Cette peinture, la plus célèbre de l’artiste, a atteint la somme record de 4 720 838 euros en 2007. On y retrouve encore une fois le décor de la Cité interdite, au fond. Mais peut-être avez-vous aussi reconnu un tableau de l’impressionniste français Edouard Manet : L'Exécution de Maximilien (1867). Ou encore une œuvre poignante de l’Espagnol Goya, Tres de Mayo (1814).

Yue Minjun, "The Death of Marat", 2002. Huile sur toile. Collection privée, Pékin. ( YUE MINJUN PHOTO COURTESY YUE MINJUN STUDIO)

Dans l'œuvre ci-dessus, la référence est encore plus évidente. Yue Minjun a scrupuleusement recopié La Mort de Marat, un tableau du peintre français David. Mais le corps de "l’ami du peuple" a été effacé. Cette suppression des portraits de révolutionnaires vous évoque peut-être quelque chose : l’imagerie officielle qui fait disparaître, comme par magie, les personnages gênants de l’histoire politique chinoise. Encore une pique malicieusement lancée aux autorités…

Un rire vulgaire

L’artiste chinois n’emprunte pas que des sujets à la peinture occidentale. Dans certains tableaux, comme celui-ci, il s’appuie, comme beaucoup de peintres chinois de sa génération, sur des couleurs flashy, gaies, des formes simplifiées et souriantes qui évoquent le Pop Art américain d’Andy Warhol.

Yue Minjun, "Memory-2", 2000. Huile sur toile. Collection de l’artiste, Pékin. ( YUE MINJUN PHOTO COURTESY YUE MINJUN STUDIO)

Mais cette joie colorée, artificielle, devient écœurante. Yue Minjun assume la "laideur" de sa peinture : "Je ne cherche pas l’élégance, explique-t-il. En fait, ce que je peins est très vulgaire. (…) Cette vulgarité est plutôt bien accueillie par le grand public car lui non plus n’aime pas les choses élégantes. Je ne fais que m’adapter à ce goût populaire."

Yue Minjun, "Untitled", 1994. Huile sur toile. Collection privée. ( YUE MINJUN PHOTO COURTESY YUE MINJUN STUDIO)

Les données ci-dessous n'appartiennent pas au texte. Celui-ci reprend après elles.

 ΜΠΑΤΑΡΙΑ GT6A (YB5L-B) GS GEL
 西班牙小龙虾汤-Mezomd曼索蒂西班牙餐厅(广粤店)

Les rires de Yue Minjun mettent mal à l’aise. Que l’artiste rie de nous, des autorités chinoises ou de lui-même, ils expriment une tension presque intenable. Comme si le peintre, derrière son rictus figé, avait depuis longtemps littéralement perdu la tête.

Informations pratiques :

"Yue Minjun. L’Ombre du fou rire"

Du 14 novembre au 17 mars à la Fondation Cartier

261, boulevard Raspail, 75014 Paris

Métro Raspail ou Denfert-Rochereau

11 h-20 h, 11 h-22 h le mardi. Fermé le lundi.

Tarifs : 6,50 euros/9,50 euros

Tél. : 01 42 18 56 50

A lire :

Le catalogue de l’exposition superbement illustré (130 reproductions des peintures et dessins de Yue Minjun) a surtout l’intérêt de contenir un long entretien avec le peintre réalisé par son ami Chen Zhong. L’artiste explique sa démarche et désarme parfois par sa franchise. Extrait : "Certes, ce que je peins n’est pas beau, mais ces belles choses que les autres font me donnent encore plus la nausée. Jamais je ne pourrai faire cela. Pour moi, elles sont trop belles, belles jusqu’à l’écœurement. C’est insupportable."

Yue Minjun, éd. Fondation Cartier pour l’art contemporain, 276 p., 37 euros.